Do you ever feel like eating and drinking in Dallas is such a thing? You make a reservation, you dress the part, you pay the price. New East Dallas watering hole Goodbye Horses is none of that.
This no-frills sports bar on SMU Boulevard is a simple place serving bar food, beer and cocktails. “Nothing is high-brow here,” says owner Julian Barsotti. He’s already seen college kids, families, and sports fanatics pull open that squeaky door and pile into Goodbye Horses’ booths since the bar opened in late May.
The bar is sort of a meet-up spot for Barsotti and his buddies, and yeah, you’re welcome to join, too.

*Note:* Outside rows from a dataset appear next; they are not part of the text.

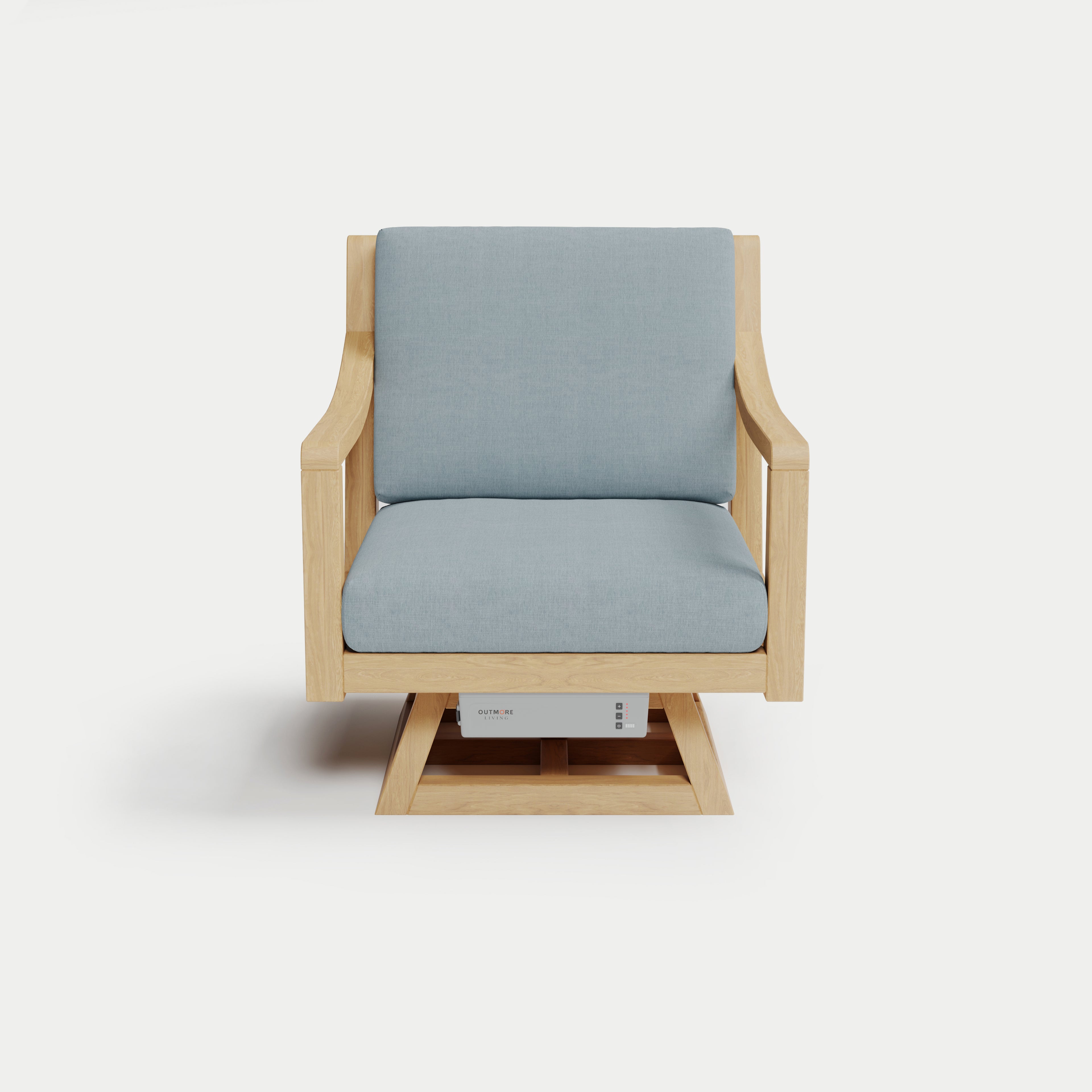 Heated Outdoor Teak Swivel Chair 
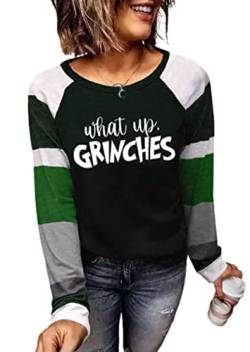 What Up Grinches Weihnachts-Sweatshirt für Damen, mit Farbblock, langärmelig, für Weihnachten, Party, lässiger Pullover, Grün-01, Large von MHTOR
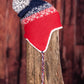 Tuque andine en alpaga motifs rouge / bleu marin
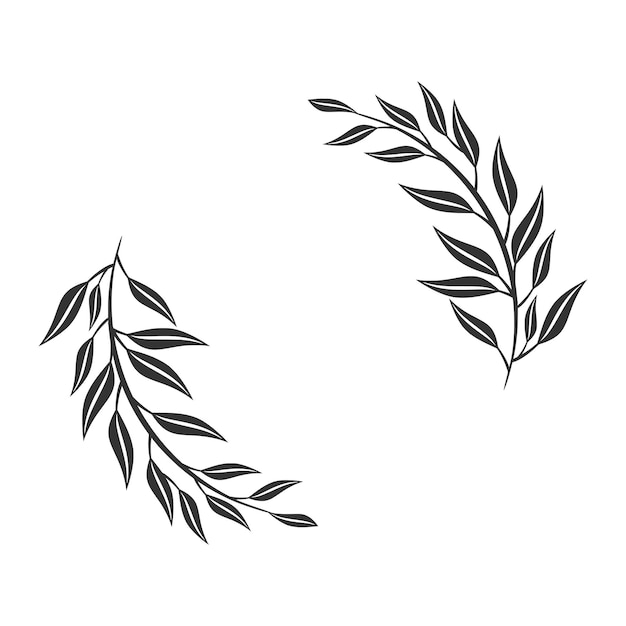 Hand drawn wreath circular vector art black and white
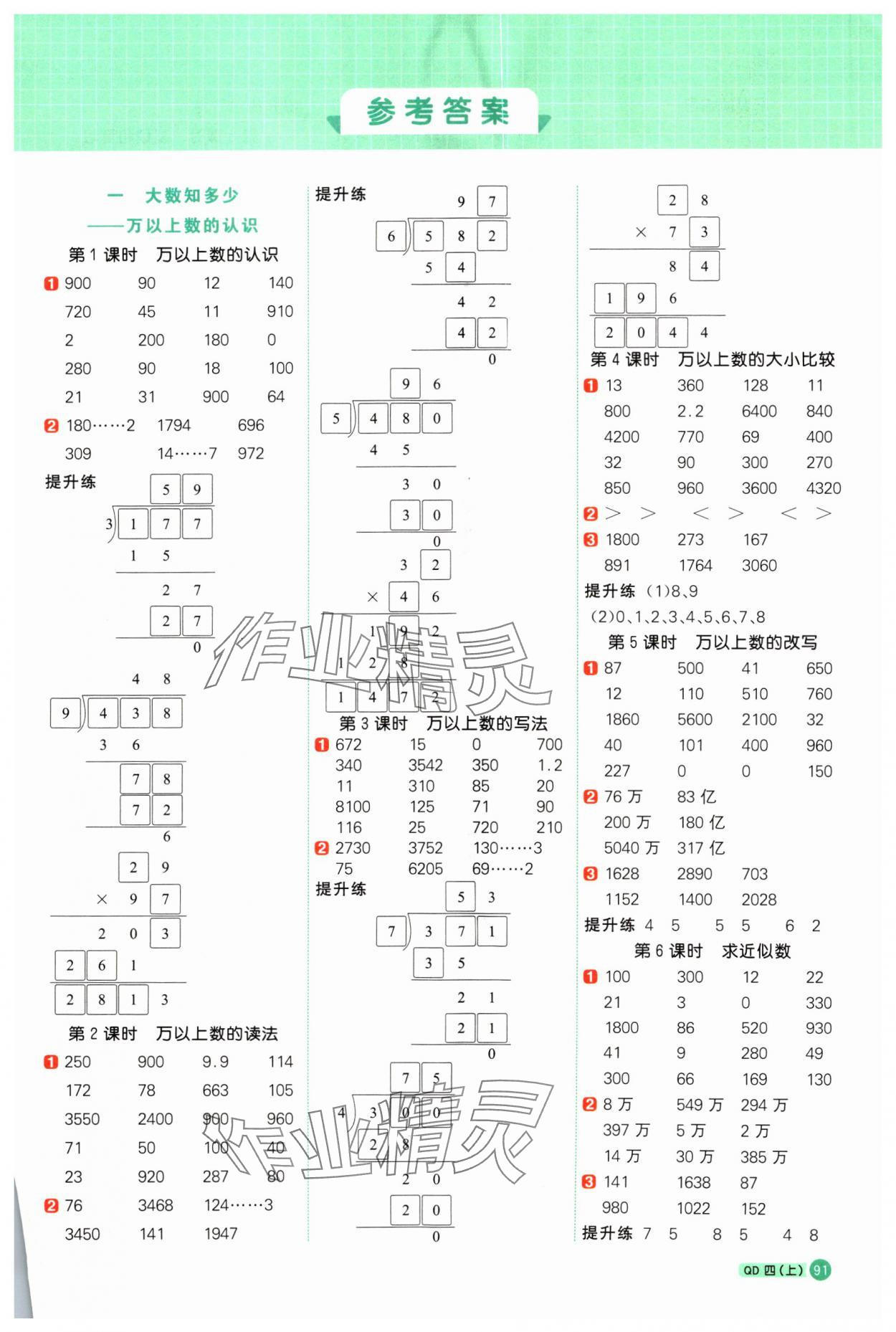 2024年陽(yáng)光同學(xué)計(jì)算小達(dá)人四年級(jí)數(shù)學(xué)上冊(cè)青島版 第1頁(yè)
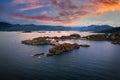 Aerial sunset view of the Hamn i Senja village on the Senja Island in Norway Royalty Free Stock Photo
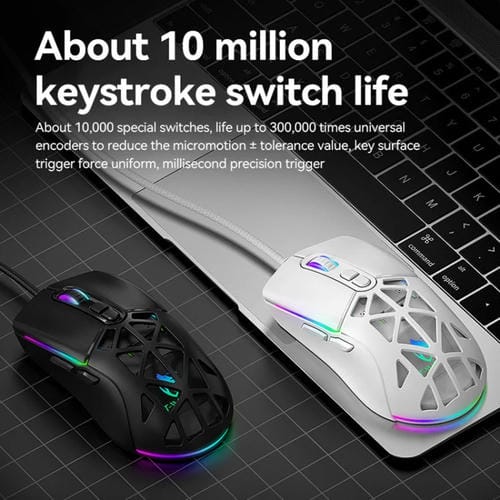 Ratón para Juegos T-Wolf G520 con Cable, Diseño Hueco en Forma de Panal, RGB y 7 Teclas (Negro)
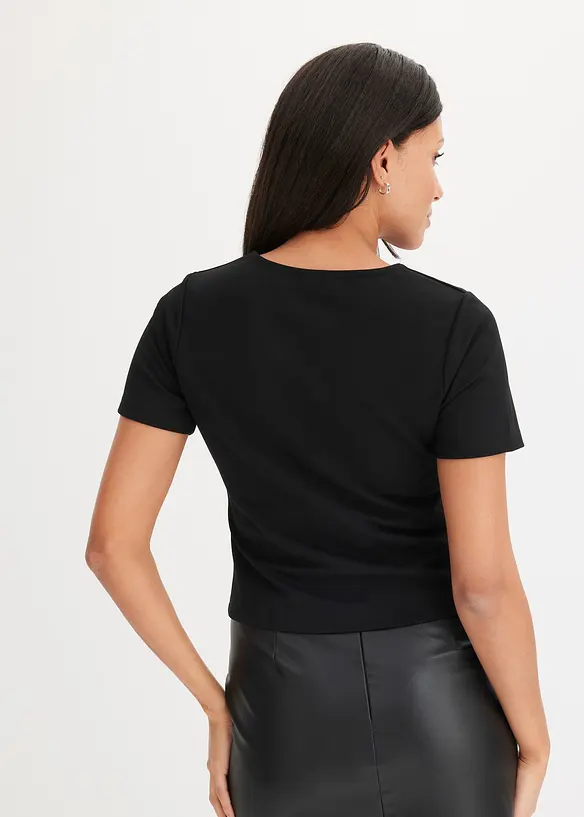Cropped shirt met glitter strikjes, bonprix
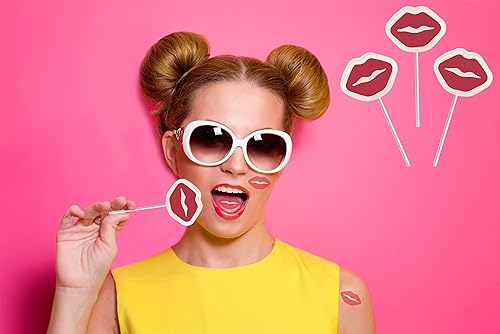 Miniatura 6 de Fruidles Paleta de labios rojos para el día de San Valentín, piruleta en forma de labio blanco con labios rojos, caramelo envuelto individualmente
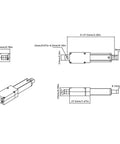 Technical drawing of Compact 12V Mini Electric Linear Actuator With 30mm Stroke 50N Lift Built In Limit Switch Waterproof Design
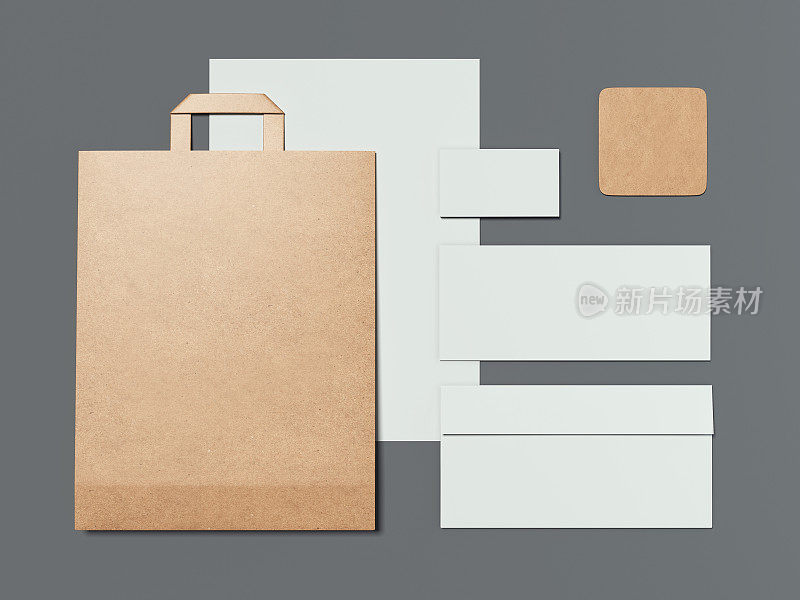 商业模型与纸质购物袋。三维渲染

A handful of his friends and investors decorated it with sports memorabilia they found in boxes in their parents’ attics. One bathroom wall is covered in old basketball cards, and the bar has figurines of the 1992 Dream Team, still in the box, up on a shelf. Barsotti was just glad to find a new home for his 9-year-old son’s collection of Teenage Mutant Ninja Turtles from the ’90s. He bought them all from eBay, not cheap, “and now he’s over them,” Barsotti says of his son.
Those vintage turtles, and all the other weirdo decor the bar will eventually collect, make Goodbye Horses feel lived in.
The food is not serious, but it is well-thought out. Chef Ryan Ferguson — who works full-time at Barsotti’s beloved Italian restaurant Nonna — created the menu.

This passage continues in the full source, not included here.